How do the results compare to the regression analysis? Note that, for one thing, the defaults are switched so that the terms here are all negative. You should also see that the point estimate is the same, but the other values are slightly different.

What is going on? There is a slightly different assumption that the linear regression model uses compared to the two-sample T-test. The regression model assumes that the variation is the of price is the same in both groups and the two-sample T-test doesn’t. That is where the discrepency arises. This isn’t anything to worry about, but I just wanted you to have seen it.

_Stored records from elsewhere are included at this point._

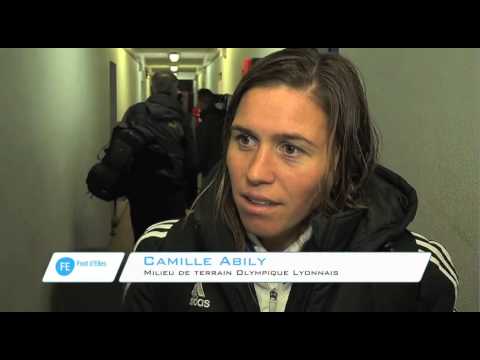 La minute de silence avant FF Issy-OL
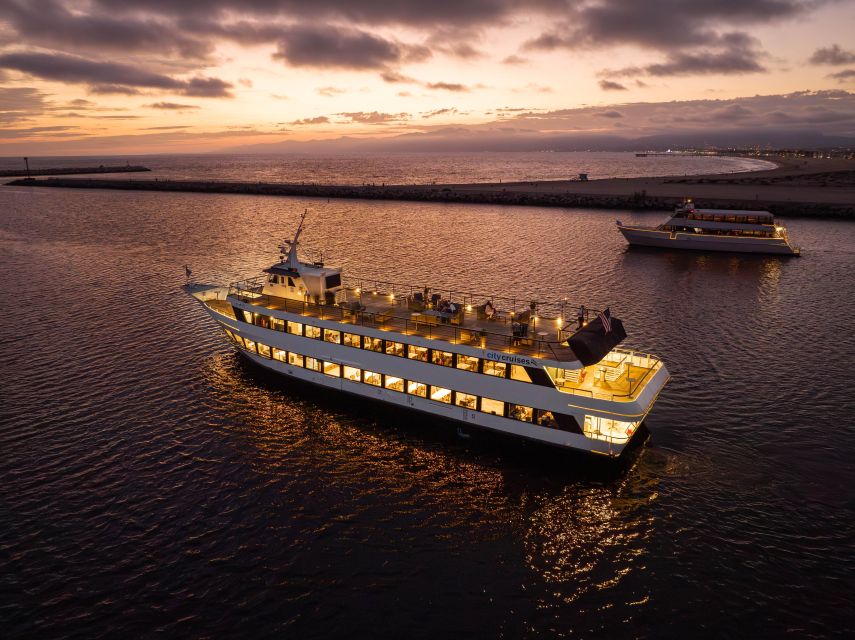 Marina Del Rey: Christmas Eve Buffet Brunch or Dinner Cruise - Key points to know before booking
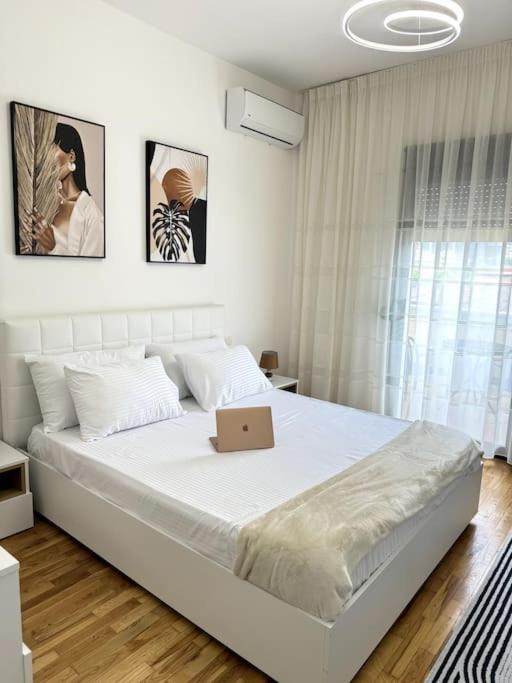 Sol Apartments - 2 Bedrooms Shkodër Eksteriør bilde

  1. Finally, run a regression for price as a function of color_good
  1. and the nusiance variables carat, cut, and clarity:
tmod_linear_regression(price ~ color_good + carat + cut + clarity, data = diamonds)
## 
## Linear regression; T-Test
## 
##  H0: Difference in conditional mean is zero
##  HA: Difference in conditional mean is non-zero
## 
##  Test statistic: t = -7.4685
##  P-value: 1.783e-13
## 
##  Parameter: mean(price|poor) - mean(price|good)
##             after controlling for -- carat; cut; clarity
##  Point estimate: -609.67
##  Confidence interval: [-769.86, -449.47]

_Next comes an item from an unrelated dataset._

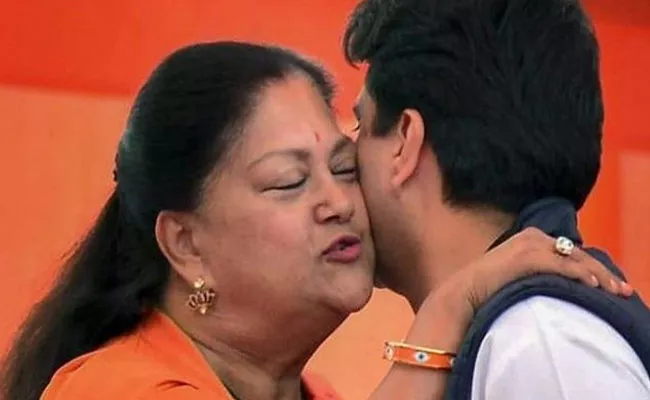 Vasundhara Raje Welcomes Jyotiraditya Scindia Joins In BJP - Sakshi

Notice that the output is different than in question 7 where there are multiple categories.

Regression in scientific literature

Open the following article from the British Medical Journal on “Geographical variation in glaucoma prescribing trends in England 2008–2012: an observationa ecological study”:

Read the Abstract and Methods sections. Also look at Tables 2-4. Then, try to answer the following questions (you may need to search through the rest of the paper for some of these):

  1. Is this an observational or experimental study? Observation (it even says so!)
  2. What statistical tests were used in this analysis? Are you familiar with all of them from the course? If not, what tests or statistical terms are you unfamiliar with? I found Spearman’s rank correlation and multivariate regression. There was a lot of Biological jargon but you should have understood most of the statistics.